Thurnbichler wprost o decyzjach jury. Nie gryzł się w język
W tym faworytem będzie m.in. Kubacki. Polak w niektórych zawodach potrafił zdeklasować rywali. Jak to w skokach narciarskich bywa, na wyniki wpływ będzie miała również pogoda. W tym sezonie już parokrotnie dochodziło do sytuacji, w których jury "manewrowało" z długością rozbiegu. Częste zmiany nie podobają się i kibicom i samym zawodnikom oraz trenerom, czego wyraz dał Thomas Thurnbichler. Szkoleniowiec Polaków w rozmowie z portalem WP SportoweFakty zdradził, że takie "kombinacje" niewiele mają wspólnego ze sprawiedliwą rywalizacją.
- Dla mnie, jako trenera, najważniejsza jest sprawiedliwa rywalizacja. Jeśli zmienia się tak często belki jak ostatnio, to nie jest sprawiedliwe - stwierdził szkoleniowiec biało-czerwonych. Zdaniem Austriaka skoczkowie z czołówki powinni ruszać z tego samego rozbiegu. - Dzięki zmianom rozbiegu zawody są szybko kontynuowane i to jest dobre dla jury, ale moim zdaniem najlepsi skoczkowie powinni oddawać skoki z tego samego rozbiegu - ocenił Thurnbichler.

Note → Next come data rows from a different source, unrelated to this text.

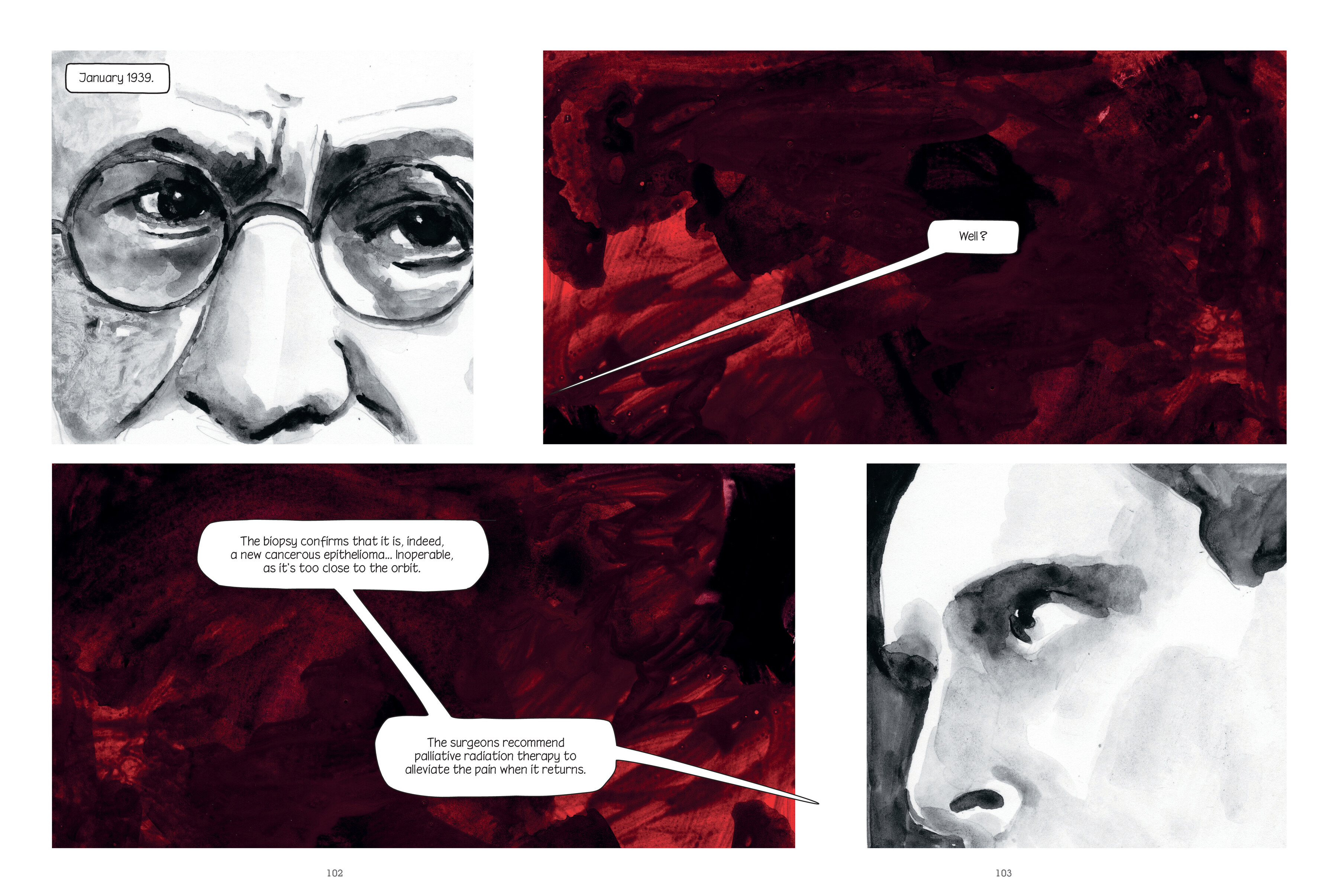 Through Clouds of Smoke: Freud's Final Days (2023) issue 1 - Page 101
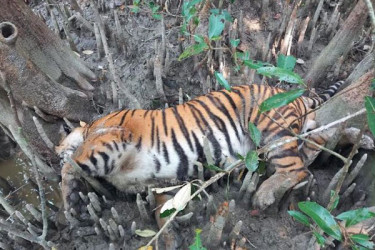 ২৫৫ কেজি ওজনের বাঘের মরদেহ উদ্ধার, ময়নাতদন্ত সম্পন্ন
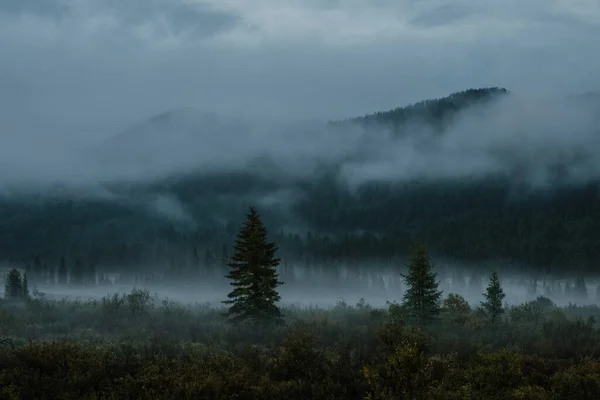 Paisaje Nocturno Con Niebla Montañas Coníferas —  Fotos de Stock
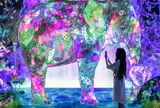 teamLab Forest / チームラボフォレスト – SBI証券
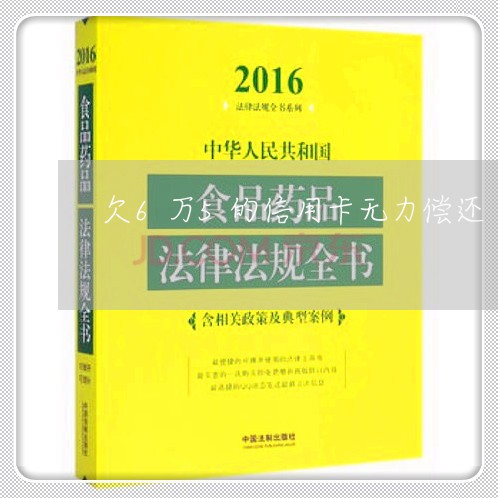 欠6万5的信用卡无力偿还 欠6万5的信用卡无力偿还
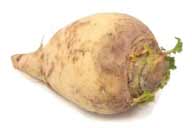 CDC_rutabaga.jpg
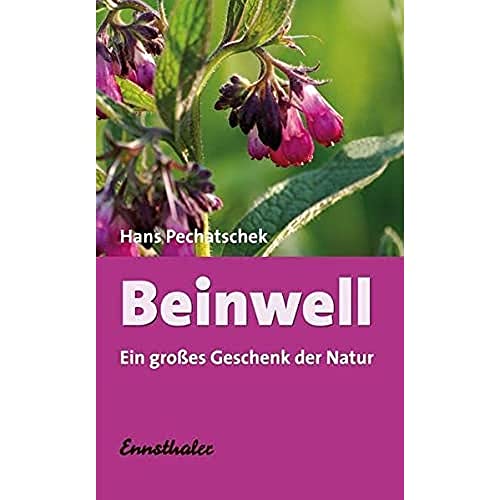 Beinwell: Ein großes Geschenk der Natur: Das große Geschenk der Natur. Eine hervorragende Heilpflanze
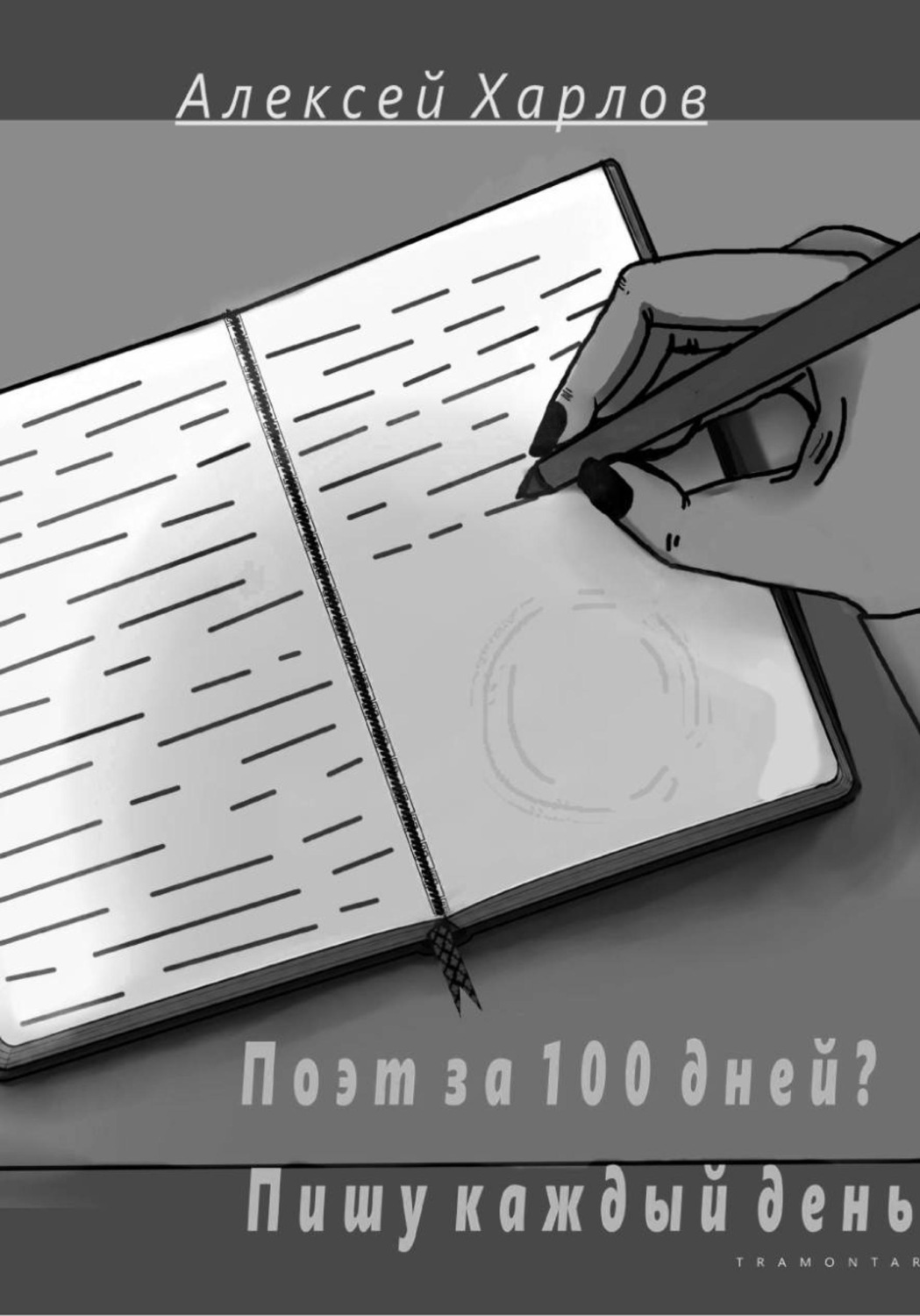 Обложка книги «Поэт за 100 дней? Пишу каждый день»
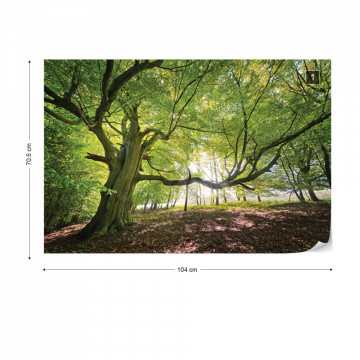 Green Tree In The Forest Photo Wallpaper Wall Mural - Img 1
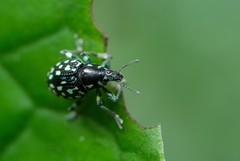 Lordops schoenherri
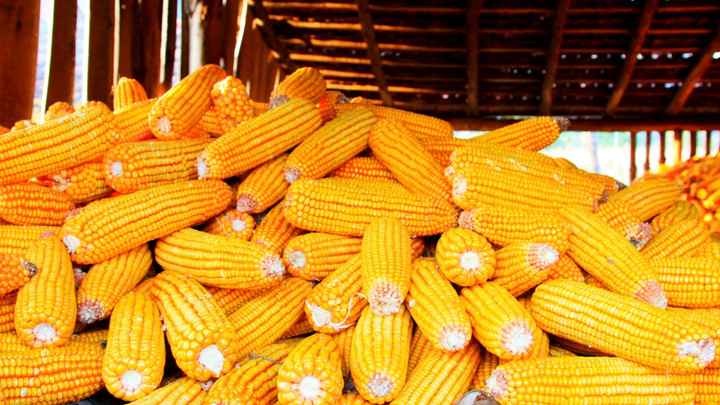 ครม.อนุมัติหลักการนำเข้า "ข้าวโพดเลี้ยงสัตว์" ต้องมีใบรับรองปลอดเผา เริ่ม 1 ม.ค.69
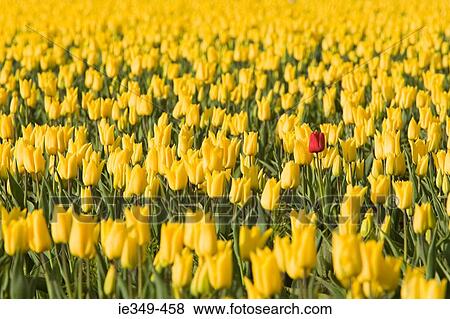 Red tulip in yellow tulips View Large Photo Image Stock Photo - Red tulip in yellow tulips. Fotosearch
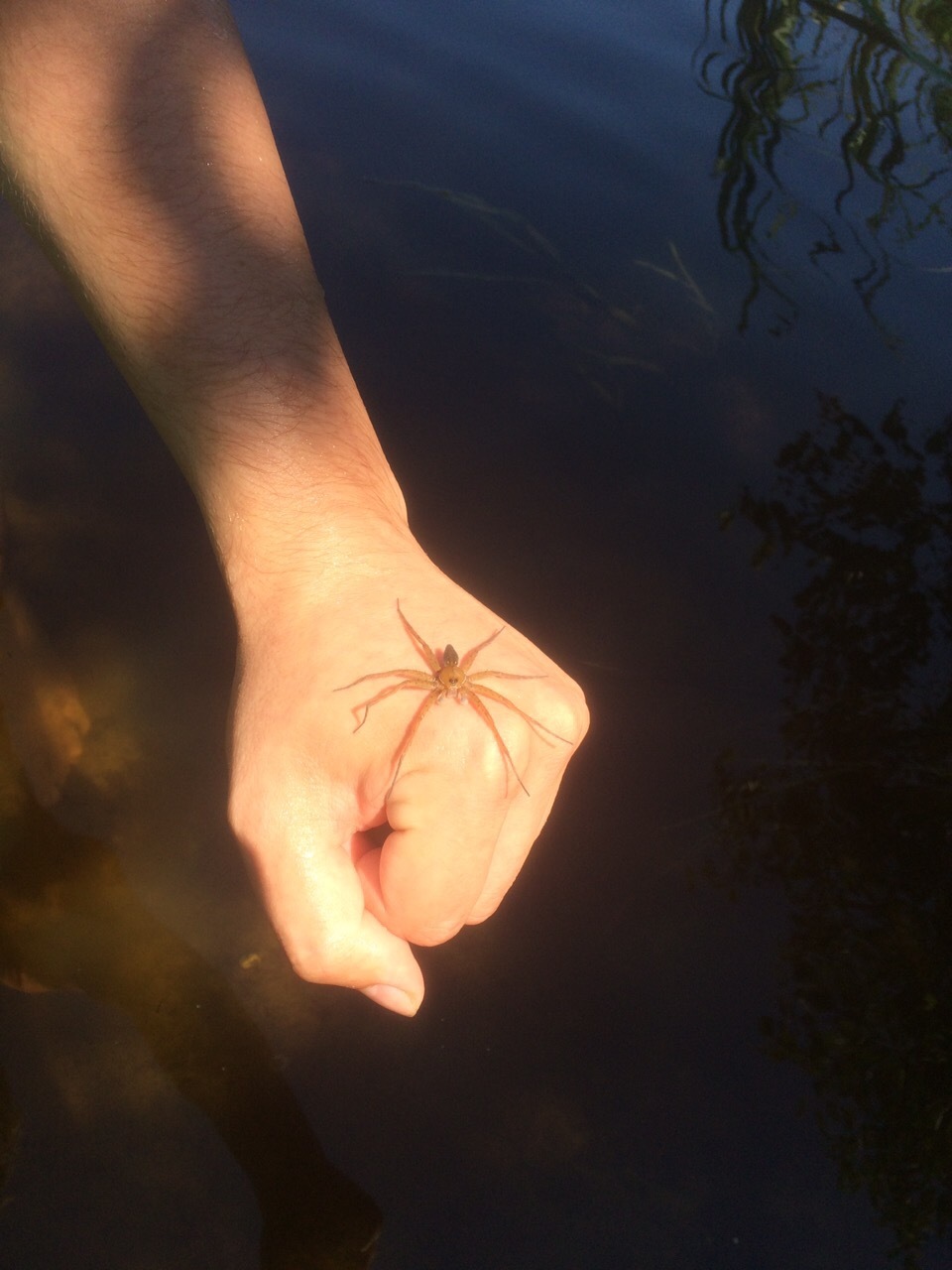 spider post - My, Spider, Nature, Serebryanka, Argiope, Longpost, Photo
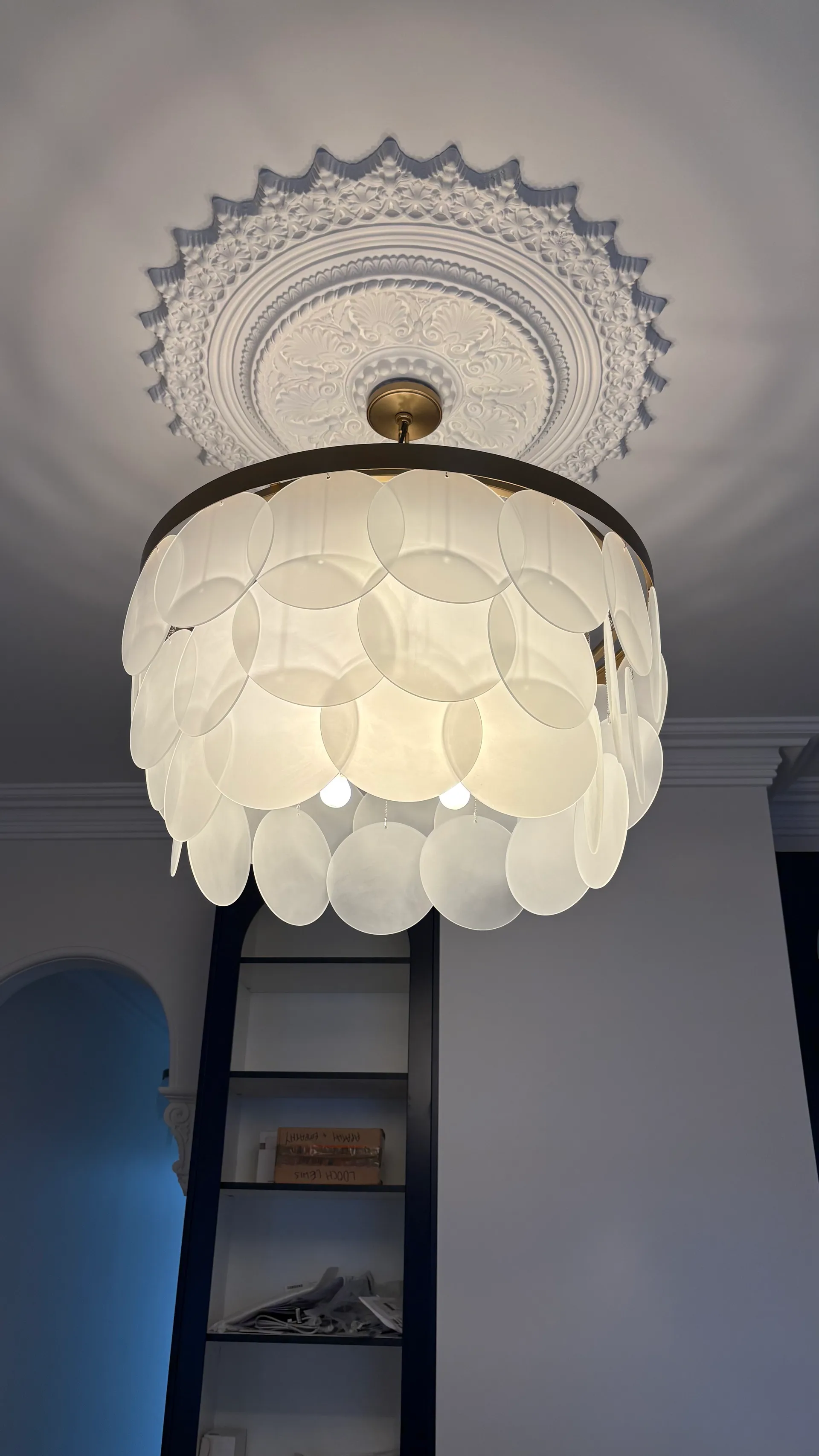 Decorative pendant light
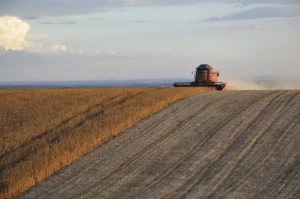 Seguro rural passa a exigir análise ESG e pode dificultar acesso ao crédito no agronegócio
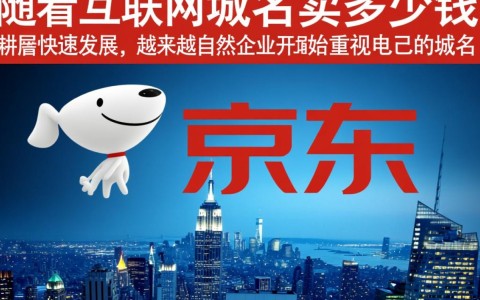 京东域名售价几何？揭秘其市场价值与投资潜力！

Thomas Thurnbichler powiedział to wprost. Mocne słowa pod adresem jury
- Najczęściej wygląda to tak, że gdy na samym początku mamy dalekie skoki, to od razu błędnie zakłada się, że ci najlepsi będą lądowali w granicach rozmiaru skoczni - zauważył szkoleniowiec polskich skoczków. Thurnbichler zdradził również, że na TCS chce dać szanse kilku młodym zawodnikom, aby zdobyli niezbędne doświadczenie, które może zaprocentować w przyszłości.